Andrea McCoy Yes it was right where the chip wagon is. I believe it burnt down– I worked there my first paying job–There was the dining room with the stucco walls. Then a more casual eating area with a counter and stools and tables and then the store.
I cannot remember the cooks name….nice guy. Worked there with Bud, June and their daughter Leslie. There is a son too. I am sure there are a few of us with stories to tell.

Janice Tennant Campbell— Hwy 15 and 10th Line was Brook’s Store when I was younger.

Lorelei Brunton Worked there as cook summer 1980.

Maureen Myhers My aunt and uncle Bud and June Savage along with their son Paddy and daughter Les owned it and I also worked there, great place to eat,drink and socialize. Maureen McGrath

Janice Tennant Campbell Linda Seccaspina it was a grocery / variety store then as far as I remember. I’ll have to ask Mom Bob Brooks owned it. We used to stop there or at Shackleton’s at Blacks Corners on the way to the Cottage.

Debbie Roy I remember that place. My Aunt Helen and Uncle Howard owned it and ran it as a grocery store during the 1970’s. But I can’t remember who bought it from them


Tammy Marion  – This is a picture I took in the kitchen of the Pine Room some time between 1976 and 1980..My brother had just started working there as a cook ( in the plaid shirt ).
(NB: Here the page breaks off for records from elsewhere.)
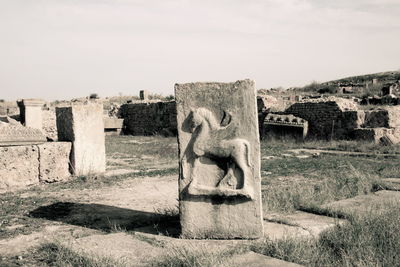 Stone cross in temple against sky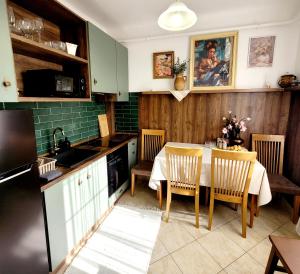 a kitchen with a table with chairs and a sink at Bonjour Vendégház in Nyíregyháza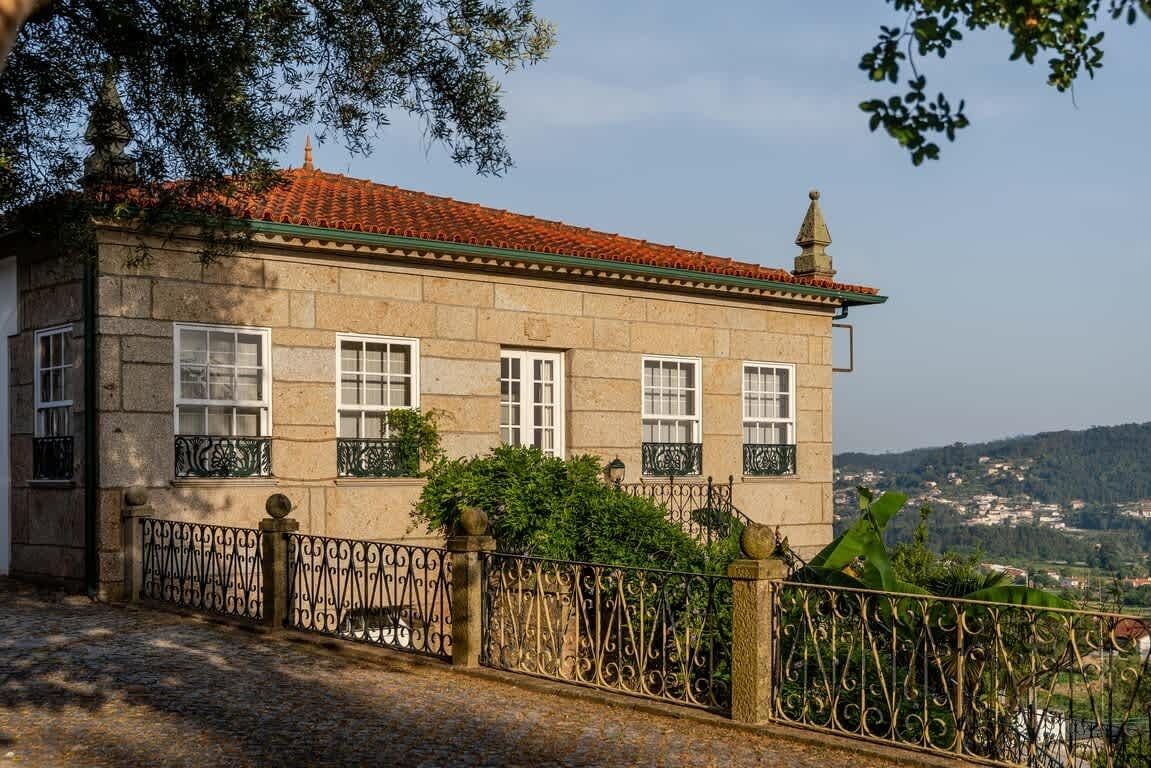 Un edificio de piedra con techo de tejas rojas, ventanas de marco blanco y una cerca de hierro forjado.
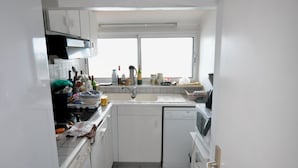 A compact kitchen with white cabinets, a washing machine, a microwave, and a sink.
He loved to cook.. I can’t remember the man’s name on the right and I don’t know who the girl is in the background. Other’s may know..

Ted Hurdis  Farook Assada ran it.

Tracy Diane Cindy Dakers Regimbald you used to work there!

Ann Stearns Rawson There was also an oil delivery service there but later torn down. At one point someone named Savage ran the restaurant.

Sandra Rattray It was Bob Brooks gas station and grocery store

Wendy Healey Went there for dinner Prom Night one year

Donna Mcfarlane Jim Murray had the first store there .. He moved a cabin from the 11th line there and opened a wee store late 40s i think cant remember the ones who owned it in 54 but I remember they were held up

Mike Dakers Before it was a restaurant, it was Bob Brooks BA gas and service and our local store and hangout. I worked there at nights and weekends pumping gas and cutting grass. With a push mower O might add. It took 2-3 days to cut lol. Think i made .50 cents and an abundance of glass bottle coke and chocolate bars. Bob was also the first fire chief of Beckwith fire co. And my father Duncan was Deputy Chief. That was in the mid sixties for me. And after that, it was turned into the pine room restaurant, owner was a man named Bud Savage, and later on his son took over. I might add also, my sister worked as a server there also. We did just live right across the road. Good memories.

Paul Todd Gloria’s Father and I frequent the Pine Room at lunch time when we built at the corner of 15 & 10th line

Linda Gallipeau-Johnston OMG Yes – as teenagers we used to go to that station and I remember being in the Pine Room too. There’s 2 things that weren’t even on my radar!

Jo-Anne Dowdall-Brown Jeff Dezell we went there for our Grade 8 graduation!

Sylvia Giles–Use to go into the dining room for dinner with my Mom and Dad!!

Patti Ann Giles-When we lived on Doe Rd. 1975, I used to bike there with my 2 year old son to get him a popsicle. Owners were great people.

Jeremy Stinson It had stucco walls in the 60s/70s style with the tops of barrels with xxx on them. Ate there when I was a kid. Shanna Willis, there is an infamous story about your mother working there. The story involved swinging doors to the kitchen.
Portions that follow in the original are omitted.